The designer used his menswear show to prove that when it comes to humanity’s impending doom, he’s staying upbeat
“We’re all gonna die!” grinned Rick Owens backstage after yesterday’s AW16 show, with the kind of carefree joy that had you smiling along with him rather than fighting off waves of existential dread. He was talking about how the show’s soundtrack – which came complete with the line, “I just wanted to call before I threw myself into the icy lake” looped over and over – had reminded him of the La Brea tar pits in Los Angeles, near where he had just opened a store. “There’s a tar pit where they found dinosaur remains,” he explained. “I was thinking about evolution when I was making this, and ecology, and how we’re all going to end up in the bottom of the La Brea tar pit!”

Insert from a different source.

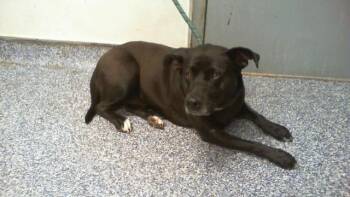 Pit Bull Terrier and Mixed Breed Dogs Available for Adoption in Charlotte, North Carolina - A1262687 | PetCurious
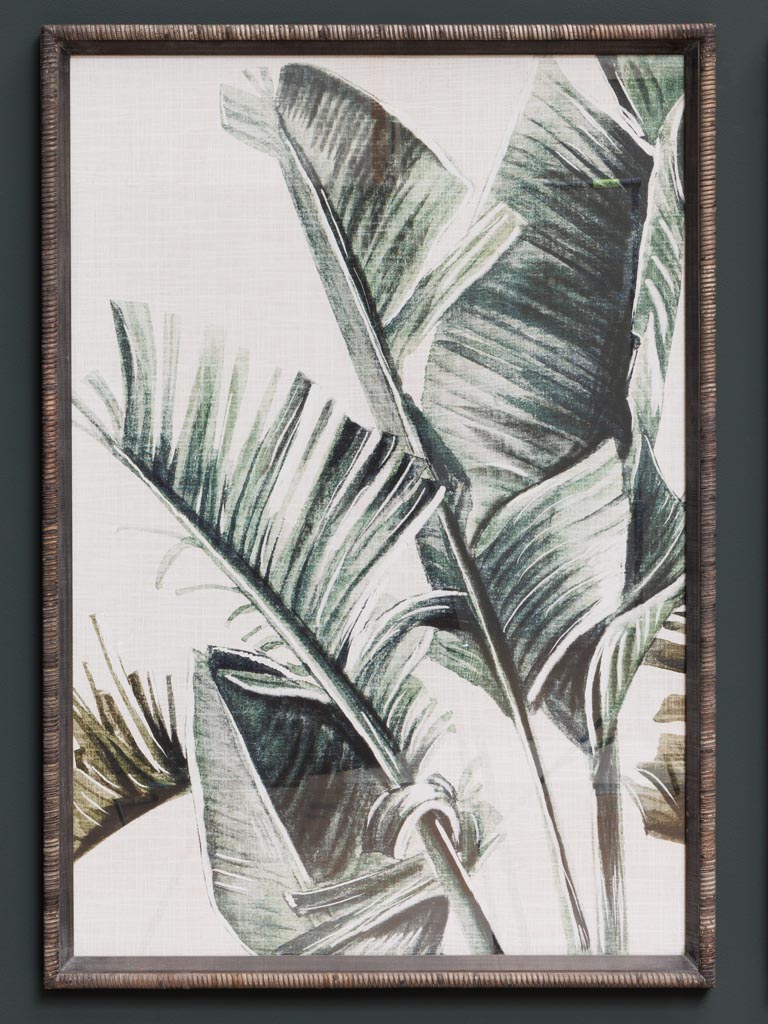 S/2 frames palm trees Veracruz - 5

It was a fitting reference for two reasons. Firstly, that Owens, fashion’s perpetually black-clad prince of darkness, had chosen a literal tar pit to inspire him; and secondly because it tied into the collection’s main theme – what he described as “architecture versus wilderness”. In other words, the civilised versus the primal, the cultivated versus the organic, the sprawling, mathematically-planned metropolis of Los Angeles versus the oozing, black mass of tar perpetually threatening to bubble through its soil. “It’s kind of like what I always work with,” Owens offered, upbeat. “The glorious pursuit of control, inevitably doomed, and ending in collapse and wilderness.”

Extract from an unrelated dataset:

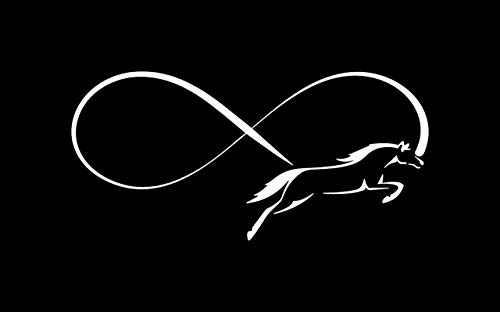 Autocollant en vinyle blanc cheval et infini imperméable contre les UV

“It’s kind of like what I always work with... The glorious pursuit of control, inevitably doomed, and ending in collapse and wilderness” – Rick Owens
When it came to the clothes, this central dichotomy found its footing in the collection’s contrasts. On the one hand, there were neat belted beige trench coats, as well as beautifully tailored double-breasted jackets and velvet blazers. On the other, there were raver-ish super wide trousers, fleeces that hung like hides or were wrapped almost caveman-like around the body, and silhouettes that looked like fabric had exploded from and then cascaded down the front of them. Oversized utility pockets, giant, blanket-like layers and one sleeping bag puffa jacket gestured towards survival gear: these clothes were designed to weather the coming storm. What will man wear when nature decides to take over once more?
Some models had their faces painted a chalky white, eyes framed with dark black squares, recalling both a Dr Caligari-esque German Expressionism and the cosmetic rebellion of teenage mall goths, using their eyeliner as a kind of warpaint. It was a look Owens intended to be more glamour than rebellious youth, though one rogue, white-faced model did manage to escape outside for a fag break before the show, only to be chased back into the depths of the Palais de Toyko once someone noticed. (“You can’t be here!”)
With their history of step teams, penis flashing, Estonian metal bands and gymnasts strapped to one another, Rick Owens’ shows have garnered a reputation for making headlines. There was no such drama here, but that was no great loss – his clothes were theatre enough.